In accordance with UK Code Provision B.2.1, the majority of the members were independent. During the year, Martin Payne became CEO following the retirement of David Hall, and as a result took over David’s membership of the Committee.
Under the Committee’s Terms of Reference, the Committee will normally meet not less than twice a year and at such other times as the Chairman shall require. The Committee held three scheduled formal meetings during the year under review. After each Committee meeting, the Chairman reports to the Board on the main items discussed.
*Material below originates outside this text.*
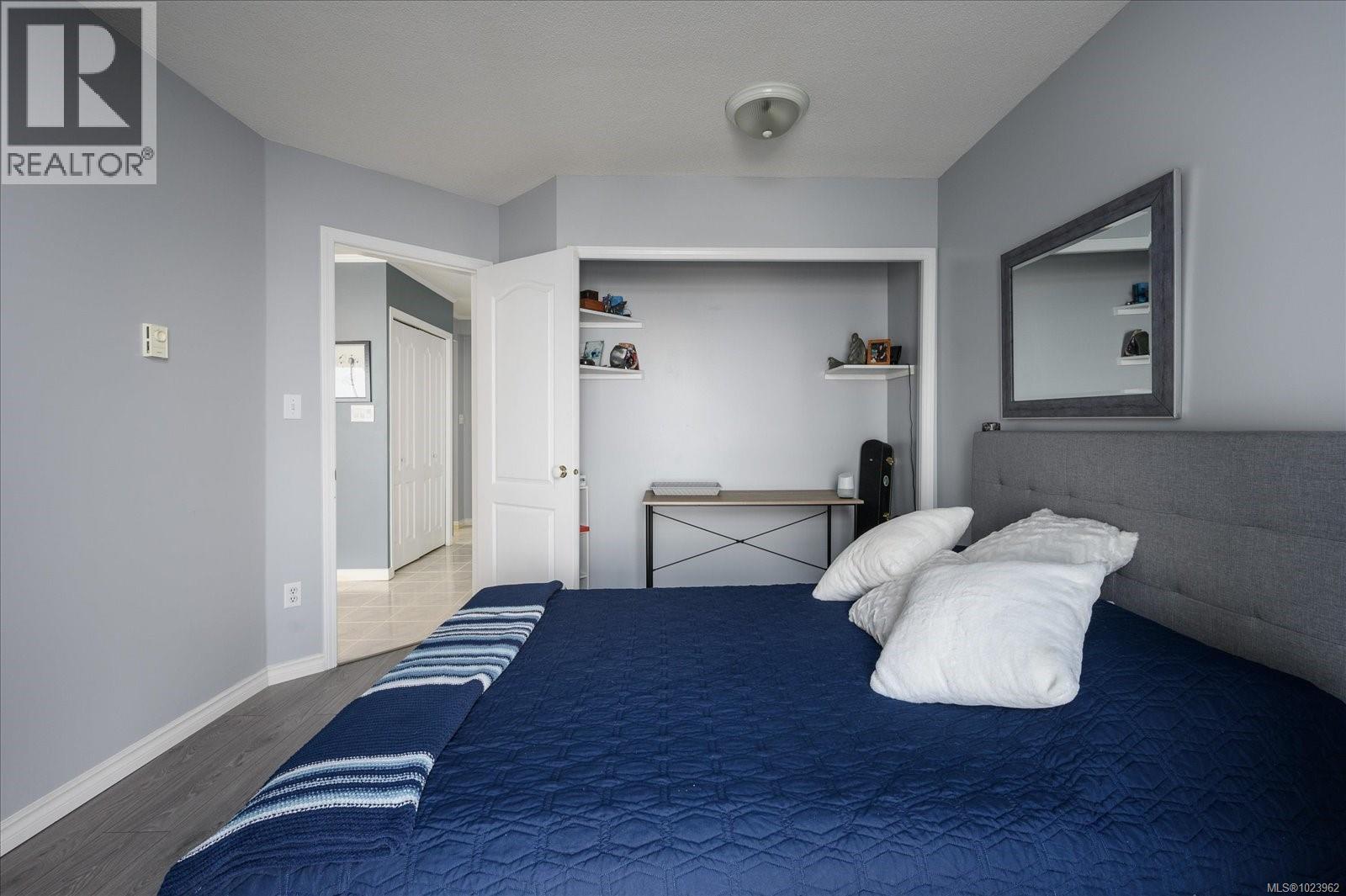 #405 150 PROMENADE DR - 26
During the year under review, the Committee carried out a process to recruit a new Chief Executive Officer to replace David Hall, who had indicated his intention to retire from the Company in October 2017. The Committee also considered the appointment of Glen Sabin to the Board as Chief Operating Officer and carried out a process to recruit a new Chief Financial Officer to replace Martin Payne. Further information on these processes is set out below. The Committee also carried out its duties as listed above and has given particular focus to succession planning for both the Board members as well as senior executives as discussed below. As stated in the Corporate Governance Report, all of the Company’s Directors will retire and each will offer themselves for election or re-election at the forthcoming AGM in accordance with UK Code Provision B.7.1. The Chairman confirms that the Committee has considered the formal performance evaluation and the contribution and commitment of the Directors that are required to offer themselves for re-election. The Chairman has confirmed to the Board that their performance and commitment is such that the Company should support their re-election.
No Director was able to vote in respect of their own re-election when consideration was given to Director re-election at the AGM.